**TASK TO CARRY OUT**
Which lines of the entries below contain the string "performing"? Copy each one.

**RECORDS**

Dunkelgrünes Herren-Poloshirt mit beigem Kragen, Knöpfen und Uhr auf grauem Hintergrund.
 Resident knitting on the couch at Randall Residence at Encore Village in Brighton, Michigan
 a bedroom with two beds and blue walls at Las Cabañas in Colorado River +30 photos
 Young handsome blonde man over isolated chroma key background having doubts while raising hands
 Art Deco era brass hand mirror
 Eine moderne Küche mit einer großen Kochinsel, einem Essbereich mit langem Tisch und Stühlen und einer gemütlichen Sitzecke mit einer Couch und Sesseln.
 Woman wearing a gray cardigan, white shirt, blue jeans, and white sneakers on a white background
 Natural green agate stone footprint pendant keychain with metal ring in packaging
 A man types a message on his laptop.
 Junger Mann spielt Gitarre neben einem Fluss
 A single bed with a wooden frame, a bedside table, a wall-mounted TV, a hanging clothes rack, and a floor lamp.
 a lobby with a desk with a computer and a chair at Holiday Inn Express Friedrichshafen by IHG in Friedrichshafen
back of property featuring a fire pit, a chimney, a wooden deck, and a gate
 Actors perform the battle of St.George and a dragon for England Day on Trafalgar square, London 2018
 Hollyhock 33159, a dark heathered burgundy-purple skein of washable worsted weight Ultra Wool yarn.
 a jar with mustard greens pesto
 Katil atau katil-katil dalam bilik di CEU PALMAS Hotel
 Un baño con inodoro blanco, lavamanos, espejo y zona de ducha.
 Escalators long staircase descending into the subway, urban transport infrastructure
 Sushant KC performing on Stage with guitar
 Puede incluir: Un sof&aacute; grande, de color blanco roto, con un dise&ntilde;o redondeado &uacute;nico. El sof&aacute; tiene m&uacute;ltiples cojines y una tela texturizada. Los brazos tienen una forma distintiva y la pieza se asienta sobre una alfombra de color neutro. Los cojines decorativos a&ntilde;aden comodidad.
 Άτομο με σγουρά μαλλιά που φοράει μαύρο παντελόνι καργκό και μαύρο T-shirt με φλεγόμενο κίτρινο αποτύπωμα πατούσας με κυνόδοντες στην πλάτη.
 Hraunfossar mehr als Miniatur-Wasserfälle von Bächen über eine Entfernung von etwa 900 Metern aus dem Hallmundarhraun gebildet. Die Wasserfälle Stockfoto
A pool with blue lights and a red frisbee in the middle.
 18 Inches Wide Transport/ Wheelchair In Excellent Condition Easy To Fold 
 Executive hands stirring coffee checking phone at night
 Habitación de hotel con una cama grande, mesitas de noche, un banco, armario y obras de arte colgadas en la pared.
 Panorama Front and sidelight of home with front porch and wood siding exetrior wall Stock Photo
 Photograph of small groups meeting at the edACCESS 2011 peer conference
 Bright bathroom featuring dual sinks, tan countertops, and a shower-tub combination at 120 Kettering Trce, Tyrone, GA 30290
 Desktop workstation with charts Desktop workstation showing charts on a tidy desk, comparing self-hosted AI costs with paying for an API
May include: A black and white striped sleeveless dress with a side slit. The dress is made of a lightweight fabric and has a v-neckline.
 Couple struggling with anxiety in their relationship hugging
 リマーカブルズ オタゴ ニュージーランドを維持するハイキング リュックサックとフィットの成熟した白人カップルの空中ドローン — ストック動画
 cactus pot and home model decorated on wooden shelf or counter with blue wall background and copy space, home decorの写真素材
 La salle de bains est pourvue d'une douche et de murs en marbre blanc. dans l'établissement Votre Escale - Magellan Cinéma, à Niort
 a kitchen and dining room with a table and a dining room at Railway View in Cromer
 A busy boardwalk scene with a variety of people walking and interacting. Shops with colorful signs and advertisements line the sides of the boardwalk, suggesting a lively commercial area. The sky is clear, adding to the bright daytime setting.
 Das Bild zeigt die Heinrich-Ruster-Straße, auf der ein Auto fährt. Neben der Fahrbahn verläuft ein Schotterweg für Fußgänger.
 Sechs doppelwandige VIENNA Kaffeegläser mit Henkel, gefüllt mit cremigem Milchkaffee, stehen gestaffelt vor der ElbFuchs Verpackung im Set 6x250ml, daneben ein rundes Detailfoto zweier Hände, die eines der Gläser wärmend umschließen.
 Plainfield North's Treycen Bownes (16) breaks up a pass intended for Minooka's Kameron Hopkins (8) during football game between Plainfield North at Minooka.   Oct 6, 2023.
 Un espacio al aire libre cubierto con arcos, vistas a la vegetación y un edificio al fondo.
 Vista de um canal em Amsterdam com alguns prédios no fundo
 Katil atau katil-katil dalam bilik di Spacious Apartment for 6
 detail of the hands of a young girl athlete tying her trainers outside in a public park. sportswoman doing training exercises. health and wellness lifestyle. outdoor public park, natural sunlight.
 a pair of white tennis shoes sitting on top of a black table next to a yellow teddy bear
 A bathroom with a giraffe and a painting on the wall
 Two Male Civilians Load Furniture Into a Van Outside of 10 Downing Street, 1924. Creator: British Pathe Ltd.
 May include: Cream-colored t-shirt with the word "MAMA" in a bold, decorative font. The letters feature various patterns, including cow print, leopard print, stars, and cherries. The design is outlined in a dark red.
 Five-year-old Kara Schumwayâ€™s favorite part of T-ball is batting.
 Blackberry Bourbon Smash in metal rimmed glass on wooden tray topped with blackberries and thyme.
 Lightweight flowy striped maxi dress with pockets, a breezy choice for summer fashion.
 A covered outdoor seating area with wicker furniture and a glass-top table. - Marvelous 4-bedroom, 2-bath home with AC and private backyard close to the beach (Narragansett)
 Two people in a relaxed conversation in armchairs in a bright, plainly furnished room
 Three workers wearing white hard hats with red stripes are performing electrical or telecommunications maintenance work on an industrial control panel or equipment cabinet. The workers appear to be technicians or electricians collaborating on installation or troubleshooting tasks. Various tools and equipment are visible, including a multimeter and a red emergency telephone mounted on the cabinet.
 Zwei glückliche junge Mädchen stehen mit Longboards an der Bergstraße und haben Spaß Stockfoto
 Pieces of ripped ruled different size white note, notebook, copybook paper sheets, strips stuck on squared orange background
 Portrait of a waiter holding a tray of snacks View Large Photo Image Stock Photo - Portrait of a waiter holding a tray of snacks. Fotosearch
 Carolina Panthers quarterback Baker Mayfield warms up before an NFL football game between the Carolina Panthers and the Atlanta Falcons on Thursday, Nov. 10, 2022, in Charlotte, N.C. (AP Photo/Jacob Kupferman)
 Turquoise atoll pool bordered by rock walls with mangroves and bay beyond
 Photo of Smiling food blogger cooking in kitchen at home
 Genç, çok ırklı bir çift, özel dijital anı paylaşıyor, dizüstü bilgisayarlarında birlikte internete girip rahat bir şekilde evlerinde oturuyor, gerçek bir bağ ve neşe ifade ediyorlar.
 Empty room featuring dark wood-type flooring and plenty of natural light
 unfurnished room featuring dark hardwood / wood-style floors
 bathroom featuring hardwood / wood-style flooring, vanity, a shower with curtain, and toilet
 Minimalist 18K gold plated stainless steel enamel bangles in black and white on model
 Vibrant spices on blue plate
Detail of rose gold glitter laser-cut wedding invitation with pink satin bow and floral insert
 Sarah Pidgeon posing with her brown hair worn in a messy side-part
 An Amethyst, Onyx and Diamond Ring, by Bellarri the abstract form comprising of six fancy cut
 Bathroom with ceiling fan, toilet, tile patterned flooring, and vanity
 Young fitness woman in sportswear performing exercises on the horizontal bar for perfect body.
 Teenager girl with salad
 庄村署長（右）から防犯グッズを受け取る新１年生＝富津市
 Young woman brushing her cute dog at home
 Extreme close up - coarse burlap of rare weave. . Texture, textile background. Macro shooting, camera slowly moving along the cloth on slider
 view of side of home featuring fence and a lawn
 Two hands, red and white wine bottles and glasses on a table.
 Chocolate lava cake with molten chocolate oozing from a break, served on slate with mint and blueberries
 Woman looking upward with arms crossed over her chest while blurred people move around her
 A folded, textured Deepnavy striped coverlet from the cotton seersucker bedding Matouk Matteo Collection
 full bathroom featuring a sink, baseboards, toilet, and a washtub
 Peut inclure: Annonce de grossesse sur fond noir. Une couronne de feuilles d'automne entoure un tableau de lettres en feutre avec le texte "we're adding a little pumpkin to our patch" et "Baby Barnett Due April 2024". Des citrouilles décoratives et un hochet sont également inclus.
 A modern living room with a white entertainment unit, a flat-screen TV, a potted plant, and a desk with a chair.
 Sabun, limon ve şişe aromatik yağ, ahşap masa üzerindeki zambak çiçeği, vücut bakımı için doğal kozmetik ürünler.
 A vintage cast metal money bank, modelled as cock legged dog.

**ANSWER TO THE EXERCISE**
 Sushant KC performing on Stage with guitar
 Three workers wearing white hard hats with red stripes are performing electrical or telecommunications maintenance work on an industrial control panel or equipment cabinet. The workers appear to be technicians or electricians collaborating on installation or troubleshooting tasks. Various tools and equipment are visible, including a multimeter and a red emergency telephone mounted on the cabinet.
 Young fitness woman in sportswear performing exercises on the horizontal bar for perfect body.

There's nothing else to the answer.